A recent analysis from the Chronicle of Philanthropy studied the charitable habits of Americans based on itemized deductions on tax returns, and it broke down the data by income levels.

The study indicates the lower a person’s income in Hall County, the greater percentage he or she gives to charity.

Jackie Wallace, president of United Way of Hall County, said it’s a development she’s seen in her work.

“It is a trend we’ve seen, though in general this is a very generous community,” Wallace said. “As that data shows, we’re doing far better than the national average in terms of giving.”

The national average is about 3 percent, according to the Chronicle, while the Hall County average is 4.23 percent.

Jim Mathis Jr., president of the North Georgia Community Foundation, said he also believes the county is very generous, though he and his wife have seen a giving discrepancy in their work as well.

“My wife was a CPA for a while and she said it was amazing how many wealthy people didn’t give much at all,” Mathis said. “That was just an observation she made when she would see tax returns, that it was amazing how many people just don’t give.”

Mathis said his organization and the United Way works with people differently in the community to support philanthropic endeavors. He said the community foundation works with wealthier area residents to cultivate giving. His clients tend to give savings accounts or trusts while the United Way works with “day-in, day-out checkbook givers.”

“We try to encourage that group we’re talking about to give,” Mathis said of wealthier North Georgia residents. “That’s our job.”

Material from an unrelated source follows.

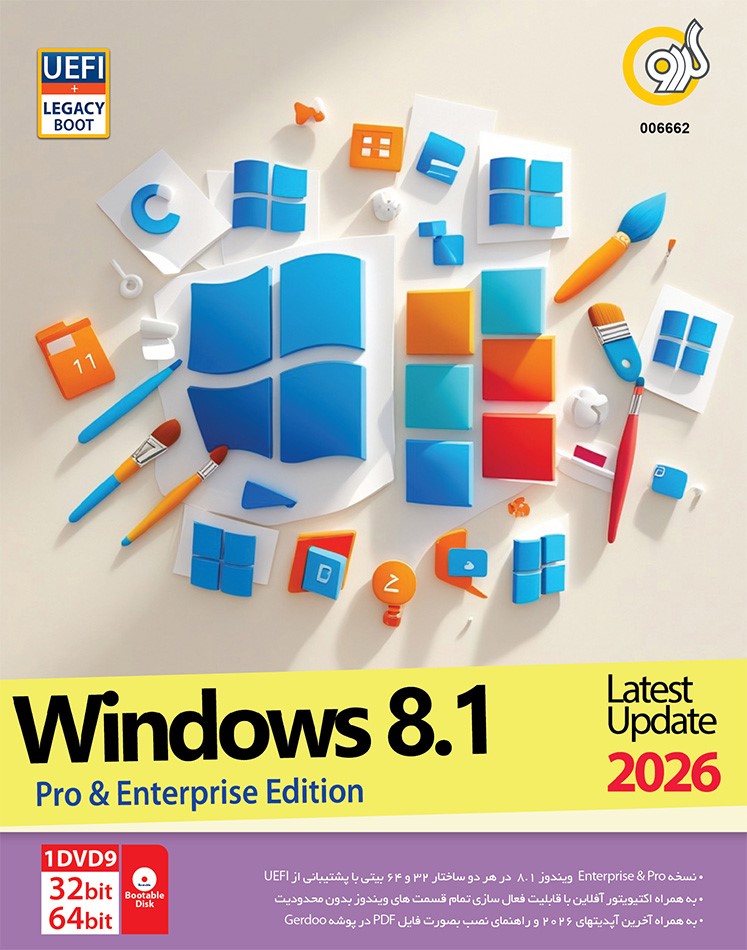 Windows 8.1 Latest Update 2026 Pro&Enterprise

Wallace pointed out a wealthier donor might fund one big “bricks and mortar” project at an area university or institution, while lower-income people might make smaller donations more regularly.

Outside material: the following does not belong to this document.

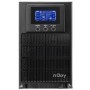 UPS nJoy Aten PRO 2000, 2000VA/ 1800W, On-line, LCD Display, 3 Prize Schuko cu Protectie, Management, Tower, Dubla conversie, Fr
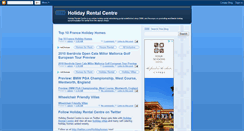 Desktop Screenshot of holidayrentalcentre.blogspot.com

There are some wealthy donors, however, who choose to regularly support human services, according to Wallace, including those provided by the United Way and area nonprofits.

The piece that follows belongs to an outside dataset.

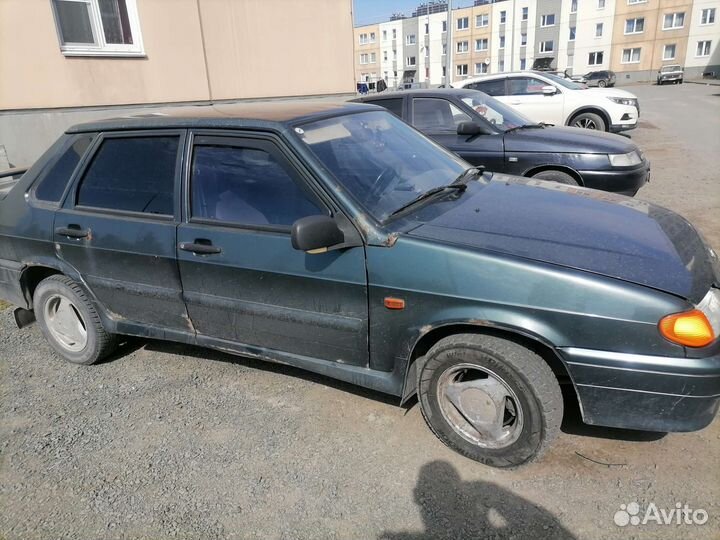 ВАЗ 2115 Samara 1.6 МТ, 2011, 182 500 км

Hall County residents who make less than $25,000 annually were the most generous in the area, giving 7.17 percent of their adjusted gross income in 2012. Residents of the same area making more than $200,000 annually gave 4.26 percent.

Wallace stressed that the study is based on percentages, meaning wealthier residents still often give a large sum of money. The average contribution for a person in Hall County making $200,000 or more was $20,211, while the average for a person making less than $25,000 was $1,955.

Among the nation’s largest cities, Atlanta was the fourth most generous, a statistic Wallace said reflects North Georgia’s giving spirit.

“That obviously extends up into our community as well,” she said. “This is one of the most philanthropic communities, I think in the nation. It’s amazing that a community our size has this amount of giving. It’s really quite special.”